DEERFIELD, Ill. -- As excited as Gar Forman was about trading up in the NBA draft for Doug McDermott, the Bulls general manager understands that the crucial part of the roster building for 2014-15 begins next week when free agency opens.
And for as much as McDermott, a three-time All-American and fifth all-time leading scorer in NCAA history, will help a Bulls team that shot a league-worst 43.2 percent and averaged 93 points per game a year ago, the biggest takeaway from Thursday night was that Chicago's free agency plan is still intact.
The Bulls traded their two first-round picks (Nos. 16 and 19) and a 2015 second-round pick to acquire McDermott, the country's leading scorer. But with the draft in the rearview mirror, the front office will now turn their sights toward acquiring one of the best scorers in the NBA, Carmelo Anthony.
"It’s going to be a very fluid situation," Forman said in a joint press conference with Tom Thibodeau. "Obviously we’re going to evaluate all the different avenues that we have to try to make the team better. And I think we’re all very optimistic, no matter which way it goes, that when we come out of this July period that our team is going to be stronger than it was going in."
And though the Bulls traded away two draft picks to acquire McDermott and his single contract, forward Anthony Randolph was also part of the deal that the Bulls used with their trade exception from the Luol Deng deal in January. The Nuggets, looking for flexibility in their roster spots, made sure Randolph was part of the deal, terms the Bulls accepted. Randolph is signed through 2015 at $1.825 million, meaning the Bulls actually will spend more money on both he and McDermott than they would have if they kept the 16th and 19th picks.
But that decision to take on Randolph's salary, at least for now, to obtain a player they desperately wanted in McDermott showed that Forman and the Bulls aren't pushing their chips all-in on a potential blockbuster free agent coming to Chicago. Understanding they can only control so much of the situation, acquiring McDermott ensures that Plans B, C and D are kept on track if Plan A, as in Anthony, doesn't come to fruition.
"It really is just going to be a fluid situation, and we’ve mapped out a number of different ways this could go," he said. "Some of it we can control, some of it we don’t, just like in any situation. But we’ll certainly try to be aggressive as we can be to continue to improve the team."
Within Forman's answers it was apparent the Bulls will take the initiative in free agency. Though his tone was more cautious and realistic - seeing as free agency is still four days away - he did note in multiple responses to questions that the Bulls feel comfortable and optimistic on where they stand heading into free agency on July 1. He deflected a question on overseas forward Nikola Mirotic, saying he's "still not sure" if the talented European will join the Bulls this year, considering signing Anthony or LeBron James would mean the Bulls won't have enough money leftover to buy out his contract in Spain.
As far as national reports and rumors go, the Bulls are considered one of the front runners for Anthony's services, and Anthony has put Chicago on the initial shortlist of teams he plans to meet with once the clock strikes midnight on Tuesday.
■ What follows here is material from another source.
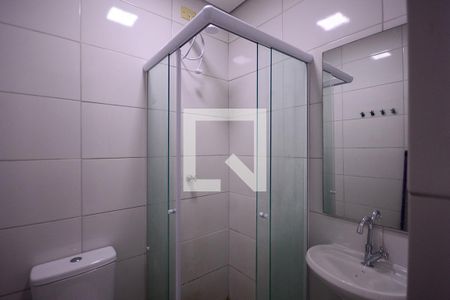 Banheiro  de casa de condomínio para alugar com 1 quarto, 30m² em Jardim Seckler, São Paulo
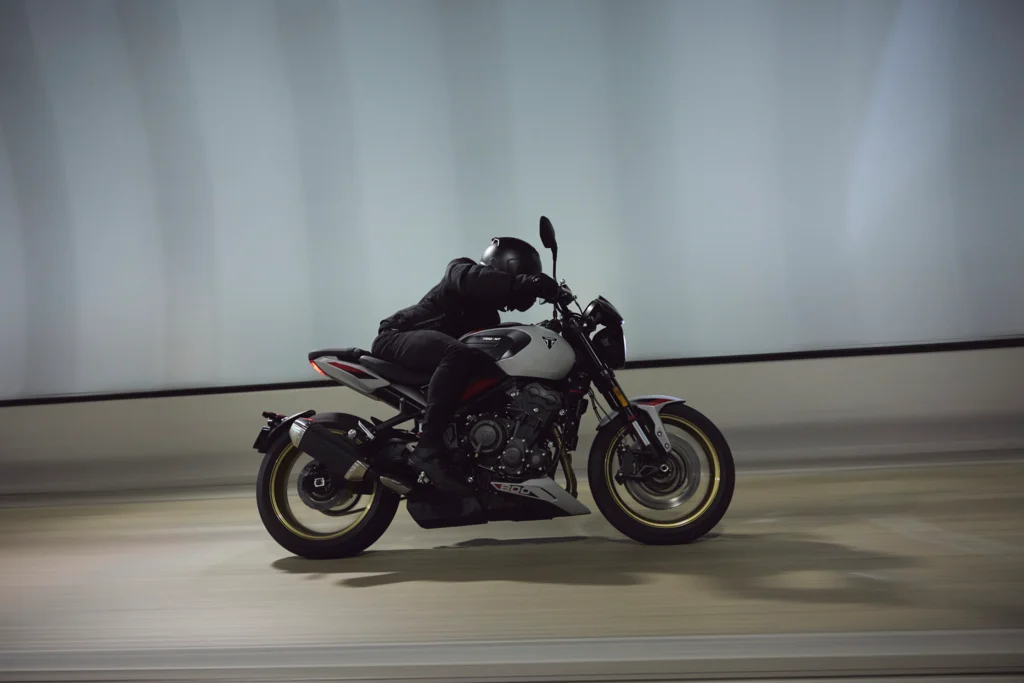 Trident 800CC MY26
They'll be hoping for better results than what occurred four years ago, when LeBron James, Dwyane Wade and Chris Bosh teamed up in Miami, Amare Stoudemire signed with the Knicks and Joe Johnson took a max contract in Atlanta, leaving the Bulls with Carlos Boozer, who is expected to be amnestied in the coming weeks to free up room to go after Anthony.
Forman rightfully admitted that this year's offseason in Chicago is different than 2010, when the Bulls had enough cap space without moving any parts to offer a maximum contract. But he also said that the organization took important lessons from that failed offseason, noting that "our presentations went well" and that they plan to take the same approach this offseason.
With a healthy Derrick Rose, Joakim Noah now an All-NBA center and reigning Defensive Player of the Year and McDermott in tow, the Bulls know they have plenty to offer incoming free agents.
"What we’re always going to sell is obviously the great city of Chicago," he said, "our fan base, the culture that’s been created here, the success that we’ve had up to this point and the feeling we have we can continue to improve and continue to have great success moving forward. So we feel we’ve got a lot to sell.
"We feel confident in what we have as far as our organization, the culture that’s been created and the players that we have here now and I think players will be able to see that we’ve got an opportunity to build on that and build this into a championship-caliber team."
Added Tom Thibodeau, when asked how Derrick Rose's health will play into those selling points: "I think it’s not only Derrick – and Derrick’s doing great – but I think the thing that’ll make it attractive is the players that are along with Derrick. I think we have a good team, a great city, a great organization and we have a team that has depth."
Still, there's always the chance Forman, John Paxson and Thibodeau hit on all their selling points and still come up short. The reality is the Bulls will have to number-crunch, move significant players and contracts and still build a contending roster if they hope to lure in a top-tier free agent. It's certainly possible, and in Anthony's case more likely than any other team's current situation if national reports are to be believed.
"Our entire staff has also spent a lot of time this season (and) our scouting staff looked ahead to the summer, and then recently we spent a lot of time as far as planning for all the different scenarios, all the different things that could happen in July," Forman said. "And looking at all our options, to accomplish some things we’re going to have to be creative."
That creativity began Thursday night when they moved up in the draft to acquire McDermott, the first piece to a puzzle they hope will will be completed the way they desire it to be by the time the league's top free agents have made their decisions on where to sign.